What Is Facebook Gaming?
As part of that many-pronged adventure into the $120 billion games industry, Facebook launched its Facebook Gaming app, where users can both pick back up that old Words With Friends game and watch their fifth or sixth-favorite Call of Duty streamer click heads. It’s an ambitious app aimed at helping you produce and interact with gaming content just as much as you consume it, yet in its early stages, doesn’t do any one thing well enough to feel competitive.
Facebook Gaming arrives earlier than originally planned for Android, as the company tries to catch the waves of bored quarantined users flocking to both games and gaming entertainment content, The New York Times reports. (It will release on iOS once Apple approves it.) When you first open the app, it asks you to select some of your favorite games, and then suggests some streamers to follow. It has a news feed tab displaying clips, videos, and posts from gaming groups like regular Facebook; a tab for playing popular Facebook games like OMG and Nametests; a tab for watching or discovering livestreams; and a tab for messages. Camera buttons sit on both the bottom right and top left of the main page for livestreaming yourself playing mobile games installed on your phone.
Facebook Gaming’s offerings alternate between products pitched to people who might watch esports on Twitch and those tilted to the more casual Words With Friends crowd. Both ride on the heels of previous Facebook products: For over a decade, Facebook has hosted casual games like FarmVille, and more recently launched a livestreaming service to compete with Amazon’s Twitch or YouTube’s “Gaming” section. There are better, more established streaming services out there, and it is just as easy to play Facebook games in the original Facebook app. Facebook Gaming gathers these two things together.
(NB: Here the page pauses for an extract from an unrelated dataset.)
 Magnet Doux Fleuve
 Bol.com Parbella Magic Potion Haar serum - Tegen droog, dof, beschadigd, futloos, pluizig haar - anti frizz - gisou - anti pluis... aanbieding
Facebook has recently tried to attract tried and true gamers by signing exclusive streaming deals with noted celebrities and microcelebrities, from former Super Smash Bros. pro Gonzalo “Zero” Barrios to strategy game streamer Jeremy “Disguised Toast” Wang. They’ve drawn a little notoriety to the platform, pushing Facebook Gaming into the third-place spot in the livestreaming wars behind Twitch and YouTube. (In the first quarter of this year, Facebook’s game-streaming service received about a sixth as many hours watched as Twitch and half of YouTube’s “Gaming” section. That said, its hours watched quadrupled year over year in January.) Streams discovered through Facebook Gaming are typically not as polished or hype as those on Twitch, although there are a handful of well-promoted streamers whose pages and past videos are easy to navigate.
It is also incredibly easy to stream yourself playing mobile games on Facebook Gaming; four clicks, give or take. It isn’t anywhere near as popular as streaming PC or console games. We went live on Facebook Gaming playing both Bubble Shooter (via the app) and Overwatch (via our gaming PC and the streaming software OBS). Facebook says it’s continuing to fine-tune the app’s discoverability features.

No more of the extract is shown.